Semantic and Articulated Pedestrian Sensing Onboard a Moving Vehicle
This work tackles the problem of improving pedestrian safety in traffic through better sensing, but it is incremental as it focuses on benchmarking rather than introducing a new method.
The paper addresses the challenge of articulated human detection from LiDAR data in moving vehicles, where current methods underperform compared to image-based approaches, and proposes that targeted benchmarks could enhance research and improve pedestrian traffic safety.

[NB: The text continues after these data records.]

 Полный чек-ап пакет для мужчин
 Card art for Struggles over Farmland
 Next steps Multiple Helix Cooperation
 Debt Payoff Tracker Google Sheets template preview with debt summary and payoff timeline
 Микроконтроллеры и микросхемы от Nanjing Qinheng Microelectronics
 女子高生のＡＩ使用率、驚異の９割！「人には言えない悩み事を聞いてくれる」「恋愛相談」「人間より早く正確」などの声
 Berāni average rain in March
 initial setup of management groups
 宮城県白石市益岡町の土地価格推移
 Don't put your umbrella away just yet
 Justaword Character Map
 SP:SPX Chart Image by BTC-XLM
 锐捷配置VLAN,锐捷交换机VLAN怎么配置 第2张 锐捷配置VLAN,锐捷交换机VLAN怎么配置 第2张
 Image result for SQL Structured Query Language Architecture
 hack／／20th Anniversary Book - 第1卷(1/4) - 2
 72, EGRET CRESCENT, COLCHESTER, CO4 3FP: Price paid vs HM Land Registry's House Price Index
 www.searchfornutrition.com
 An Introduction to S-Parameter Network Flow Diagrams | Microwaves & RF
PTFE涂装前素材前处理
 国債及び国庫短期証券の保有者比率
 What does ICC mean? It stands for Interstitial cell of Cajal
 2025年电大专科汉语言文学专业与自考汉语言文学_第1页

It is difficult to perform 3D reconstruction from on-vehicle gathered video due to the large forward motion of the vehicle. Even object detection and human sensing models perform significantly worse on onboard videos when compared to standard benchmarks because objects often appear far away from the camera compared to the standard object detection benchmarks, image quality is often decreased by motion blur and occlusions occur often. This has led to the popularisation of traffic data-specific benchmarks. Recently Light Detection And Ranging (LiDAR) sensors have become popular to directly estimate depths without the need to perform 3D reconstructions. However, LiDAR-based methods still lack in articulated human detection at a distance when compared to image-based methods. We hypothesize that benchmarks targeted at articulated human sensing from LiDAR data could bring about increased research in human sensing and prediction in traffic and could lead to improved traffic safety for pedestrians.